#### THE TASK
For this exercise, transcribe every line of the material exactly and skip the pictures.

#### INFORMATION SHOWN
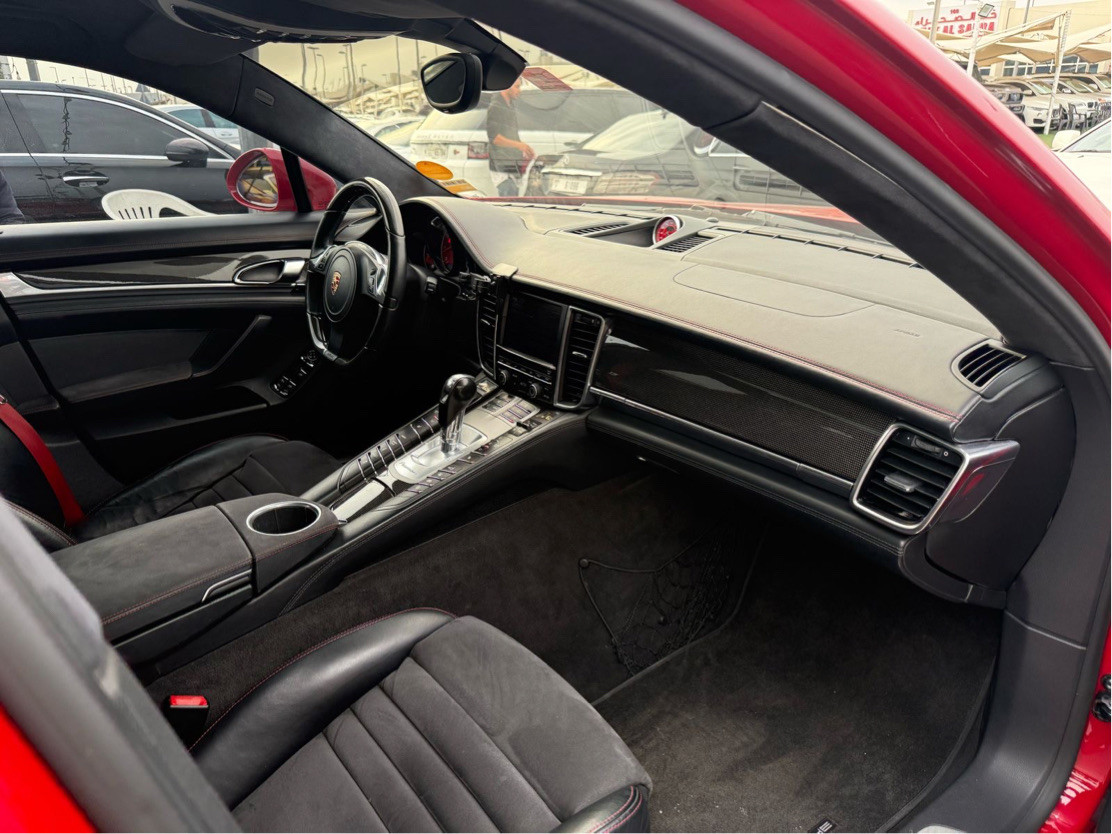 Porsche Panamera - Image 9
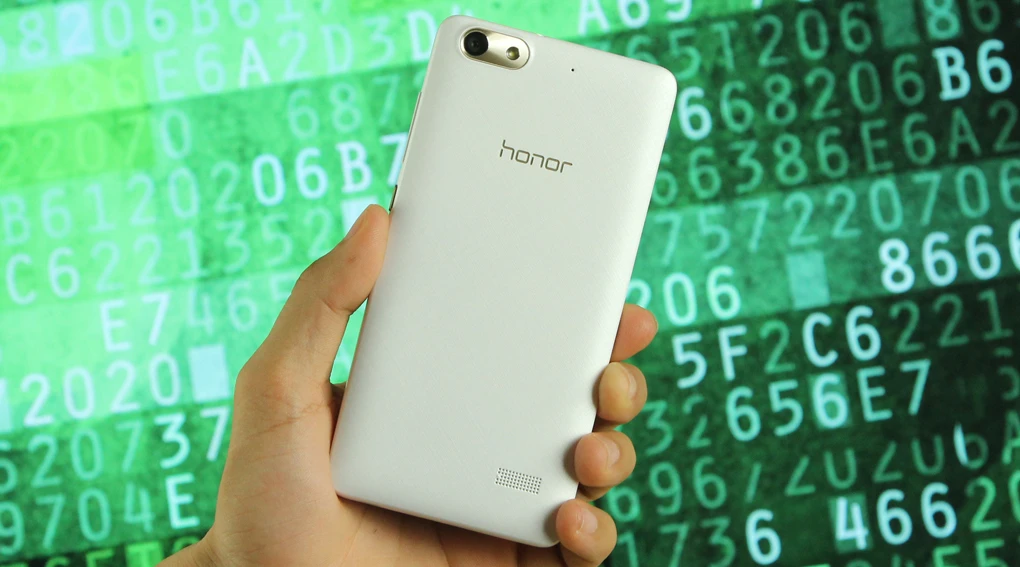 Top smartphone sở hữu màn hình chuẩn HD, camera chất lượng cao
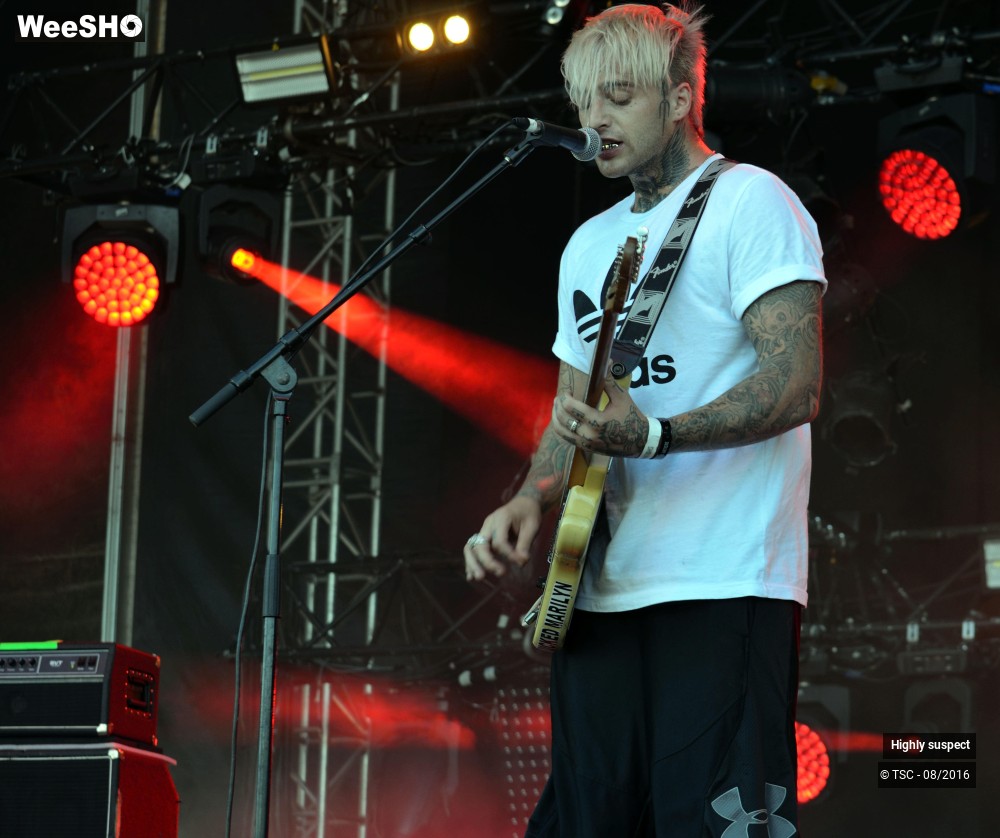 5/12 photos du spectacle Highly suspect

#### EXPECTED ANSWER
 Porsche Panamera - Image 9
 Top smartphone sở hữu màn hình chuẩn HD, camera chất lượng cao
 5/12 photos du spectacle Highly suspect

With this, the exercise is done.